Le cabinet rappelle que s’assurer pour ce risque est autorisé voire préconisé. « On aurait pu penser compte tenu de la définition presque infamante de la faute inexcusable que s’assurer ne soit pas possible comme pour le risque pénal pourtant le Code de la sécurité sociale prévoit expressément que l’employeur puisse s’assurer. Sûrement parce que le législateur a pris en compte l’ampleur des conséquences pour une entreprise », poursuit-il. La signature d’un « accord en faveur de la prévention des effets de l’exposition aux facteurs de risques professionnels » étant obligatoire, un accident du travail survenu dans une entreprise qui en serait dépourvue pourrait automatiquement être jugé comme faute inexcusable. En 2022, six RH sur dix déclarent que leur entreprise n’en dispose pas.

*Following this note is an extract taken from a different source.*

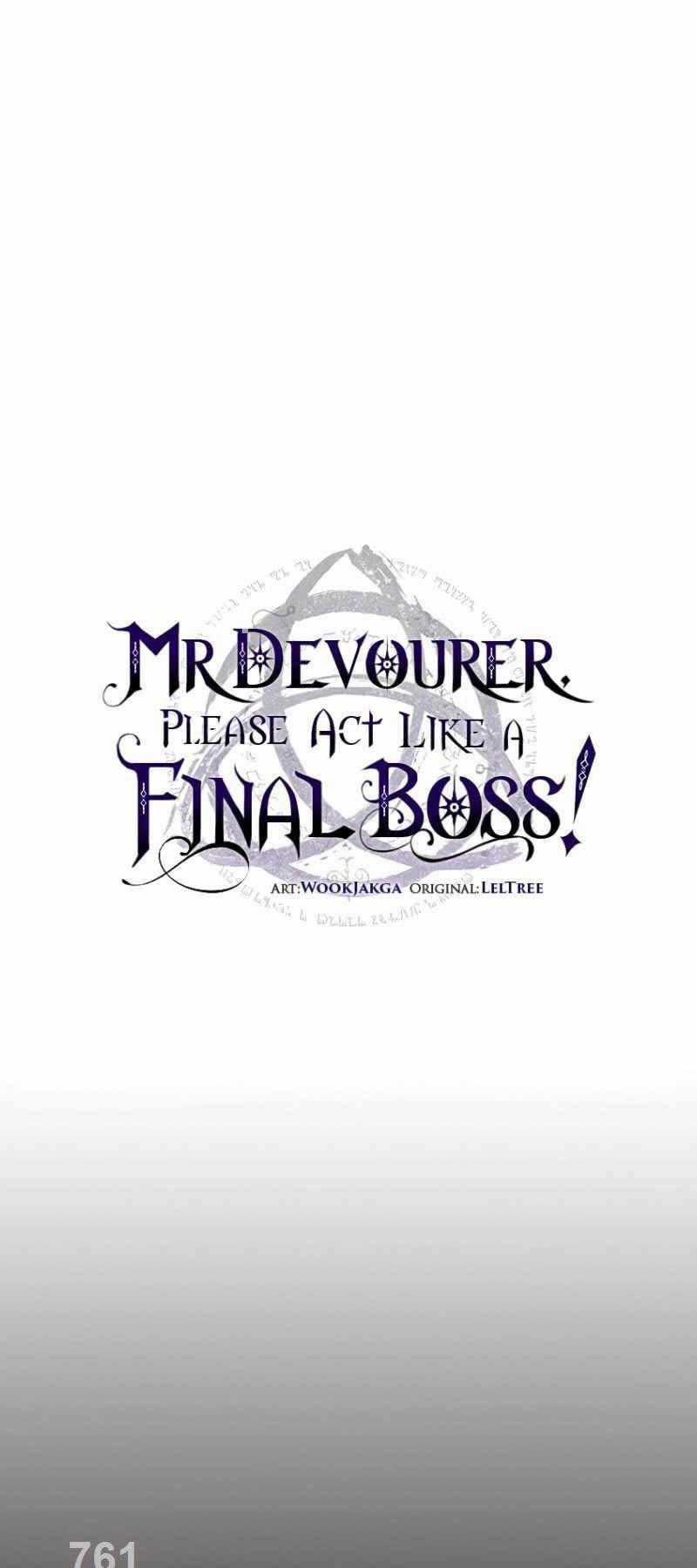 Hãy Hành Động Như Một Boss Đi Ngài Mr Devourer Chương 36 trang 0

Le PLFSS 2024 prié de réduire les frais

Le cabinet d’avocats BDO alerte sur deux mesures du PLFSS 2024 qui pourraient entraîner une moindre indemnisation des victimes d’accidents du travail dans le cadre d’une faute inexcusable. L’article 39 du PLFSS 2024 modifie la règle de la majoration de rente en cas de reconnaissance d’une faute inexcusable tandis que l’article 27 prévoit une suspension du versement des indemnités journalières dans le cas où le médecin contrôleur mandaté par l’employeur conclut au caractère injustifié de l’arrêt. « L’employeur a déjà la possibilité de dépêcher un médecin pour contrôler le salarié. Si le médecin estime que l’arrêt n’est pas justifié, cela n’a de conséquence que sur le complément employeur mais n’engage pas la Sécurité sociale. Dans le projet de loi, le médecin mandaté par l’employeur pourrait également avoir des conséquences sur les indemnités versées par la Sécurité sociale. Nous nous trouvons ici sur un terrain glissant », analyse Xavier Bontoux, avocat associé BDO, spécialiste en droit du travail et de la sécurité sociale.